On the face of it, the dinner is significant because former Sonia-baiters like Sharad Pawar and Mulayam Singh Yadav have accepted the invitation. Though Sonia has hosted eve of session do’s at her office in Parliament and an Iftar party at the AICC headquarters earlier, this is the first time that Opposition stalwarts will break bread with the lady at her Janpath residence.
Apart from leaders of the CPI(M), CPI, SP, RJD, Muslim League and NCP, former PMs Chandra Shekhar and Deve Gowda are also on the confirmed guest list.
The official agenda is floor coordination in the coming Budget Session but some Congressmen suggest the dinner is of far greater import. They see it as acceptance of Sonia by the rest of the secular spectrum and part of a nascent move towards building an alliance to take on the BJP in the next general elections.
These Congressmen, who want the party to bury the anti-coalition sentiments of the Panchmarhi Declaration of 1998, feel the party should move towards alliance politics.
But this view is far from universal. Many in the party still believe in the Panchmarhi formulation which says ‘‘the party considers the present difficulties in forming one-party governments a transient phase in the evolution of our polity’’. It adds: ‘‘coalition will be considered only when absolutely necessary and that, too, on the basis of agreed programmes that will not weaken the party or compromise its basic ideology’’.

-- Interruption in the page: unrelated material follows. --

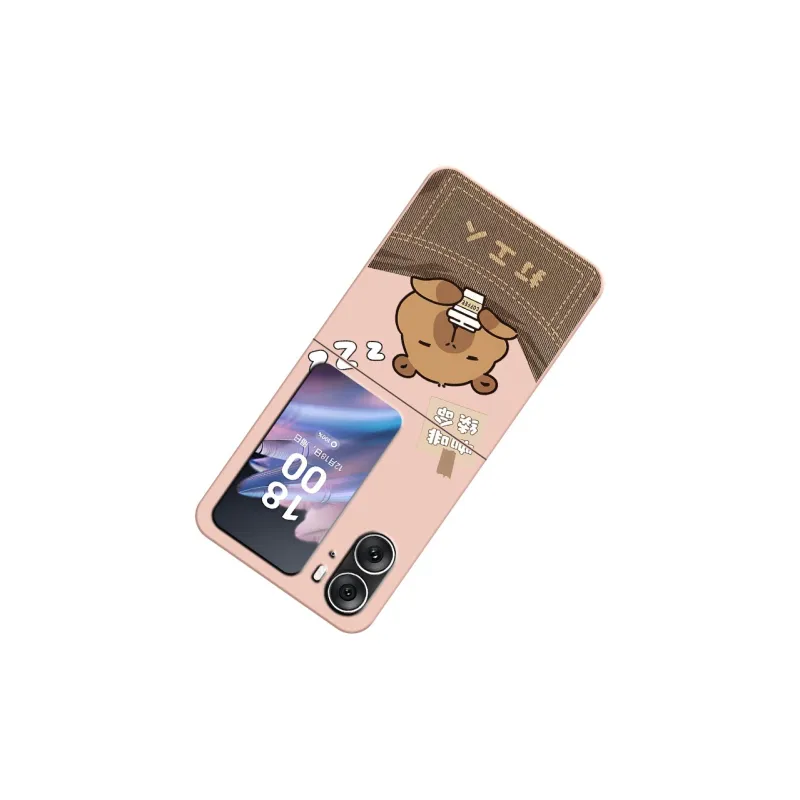 CHUNFAN Phone Cases-5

The dilemma before the Congress, a senior leader confesses, is that while an alliance of secular parties is necessary to meet the Hindutva wave, the ground reality is that such an alliance will be detrimental for the party.
Congressmen on both sides of the divide are, however, united on one thing: that the party should pitch for the ‘‘moral leadership’’ of the secular forces by virtue of its being the oldest political party in the country.
But whether those who have fought the Congress much of their lives will accept this along with the dishes served on Sunday remains to be seen.